# WORK INSTRUCTION:
Every line from the one with "So I determined" through the end of the entries below should be written out exactly; the pictures should not.

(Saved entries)
*** Begin section ***

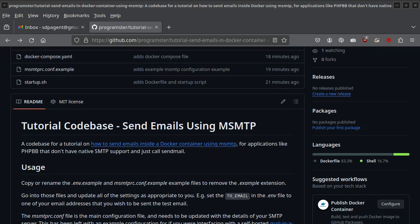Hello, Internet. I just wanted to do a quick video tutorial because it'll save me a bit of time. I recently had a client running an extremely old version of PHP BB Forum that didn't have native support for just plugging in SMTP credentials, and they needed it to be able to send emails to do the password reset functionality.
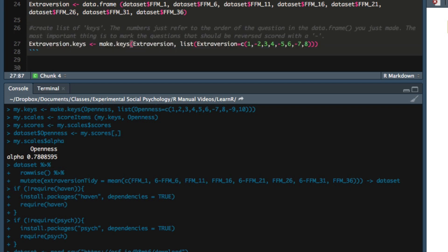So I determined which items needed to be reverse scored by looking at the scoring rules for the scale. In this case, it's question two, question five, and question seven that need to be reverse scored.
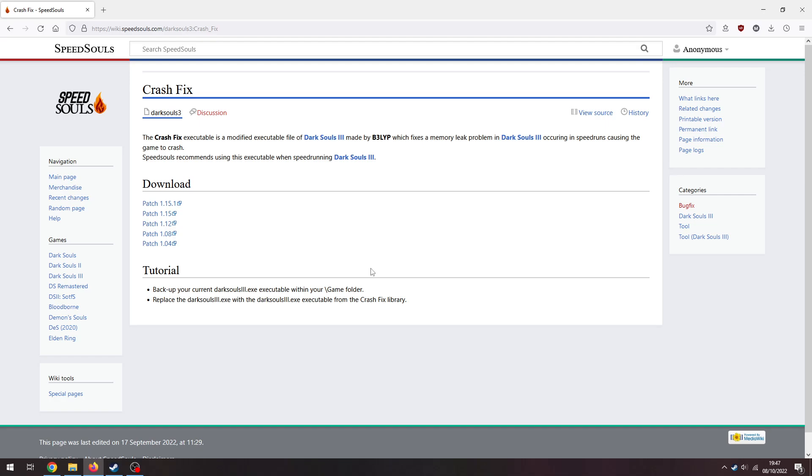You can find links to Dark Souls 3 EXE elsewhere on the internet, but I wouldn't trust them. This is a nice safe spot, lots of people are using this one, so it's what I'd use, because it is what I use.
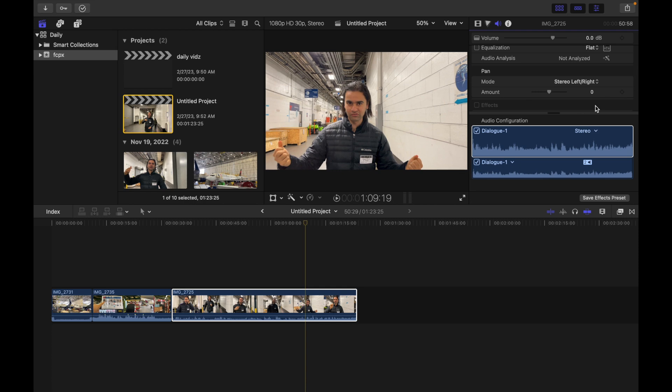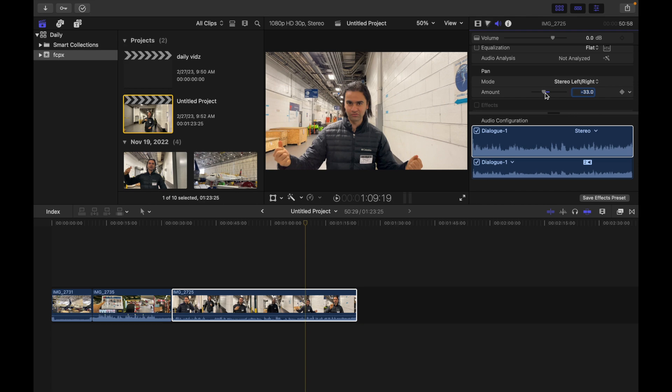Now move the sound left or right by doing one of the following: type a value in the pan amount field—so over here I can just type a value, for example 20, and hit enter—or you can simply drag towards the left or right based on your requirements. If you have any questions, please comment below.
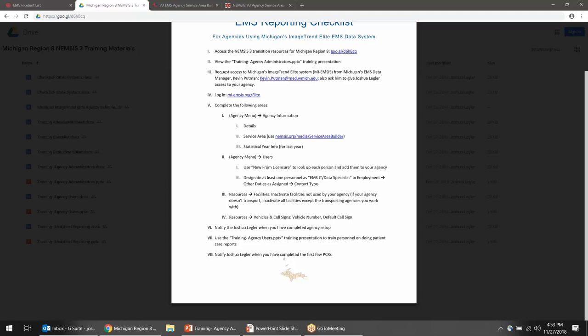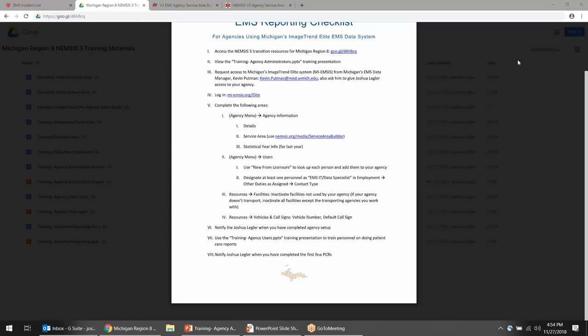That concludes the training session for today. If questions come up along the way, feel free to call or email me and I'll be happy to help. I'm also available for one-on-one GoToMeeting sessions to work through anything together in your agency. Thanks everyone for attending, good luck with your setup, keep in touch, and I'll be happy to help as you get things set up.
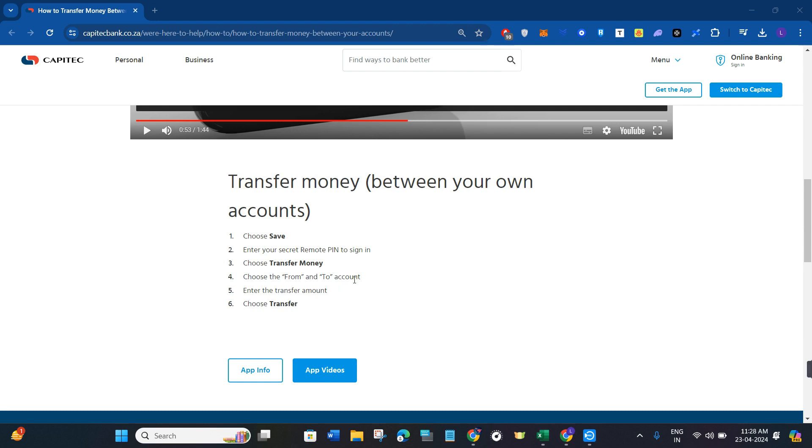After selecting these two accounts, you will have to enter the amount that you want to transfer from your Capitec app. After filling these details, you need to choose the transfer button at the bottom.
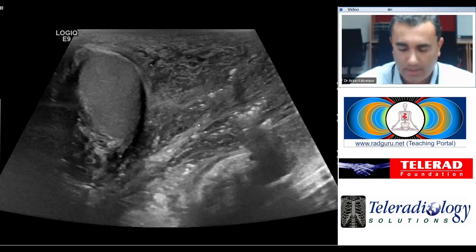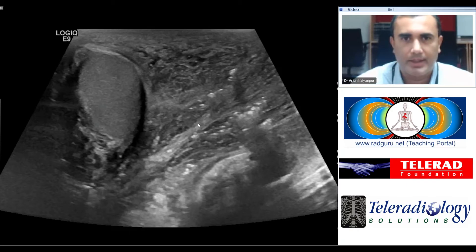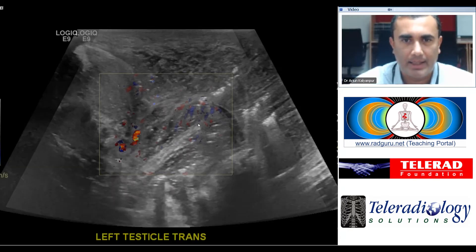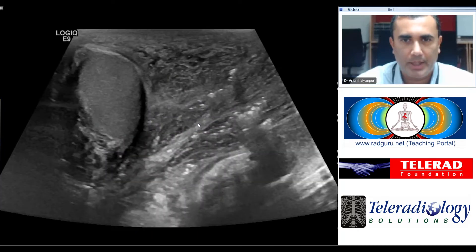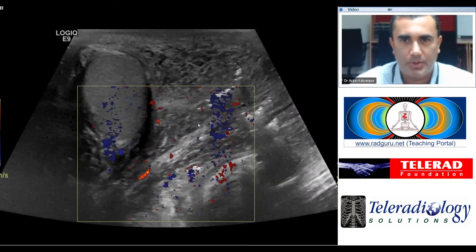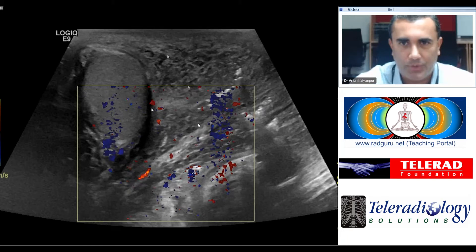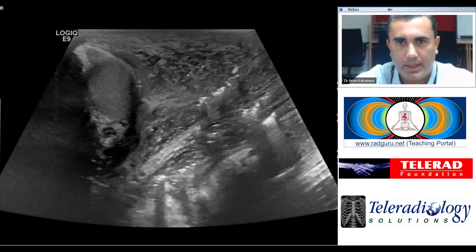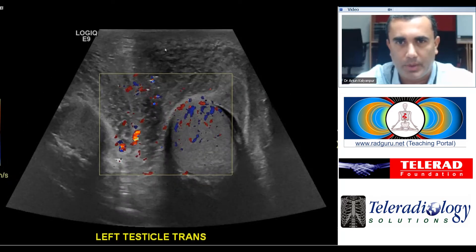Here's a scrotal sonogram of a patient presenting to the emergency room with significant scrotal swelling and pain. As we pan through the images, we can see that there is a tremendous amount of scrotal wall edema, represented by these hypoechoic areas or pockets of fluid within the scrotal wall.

*** End section ***

# SOLUTION FOR THIS PROBLEM:
So I determined which items needed to be reverse scored by looking at the scoring rules for the scale. In this case, it's question two, question five, and question seven that need to be reverse scored.
You can find links to Dark Souls 3 EXE elsewhere on the internet, but I wouldn't trust them. This is a nice safe spot, lots of people are using this one, so it's what I'd use, because it is what I use.
Now move the sound left or right by doing one of the following: type a value in the pan amount field—so over here I can just type a value, for example 20, and hit enter—or you can simply drag towards the left or right based on your requirements. If you have any questions, please comment below.
That concludes the training session for today. If questions come up along the way, feel free to call or email me and I'll be happy to help. I'm also available for one-on-one GoToMeeting sessions to work through anything together in your agency. Thanks everyone for attending, good luck with your setup, keep in touch, and I'll be happy to help as you get things set up.
After selecting these two accounts, you will have to enter the amount that you want to transfer from your Capitec app. After filling these details, you need to choose the transfer button at the bottom.
Here's a scrotal sonogram of a patient presenting to the emergency room with significant scrotal swelling and pain. As we pan through the images, we can see that there is a tremendous amount of scrotal wall edema, represented by these hypoechoic areas or pockets of fluid within the scrotal wall.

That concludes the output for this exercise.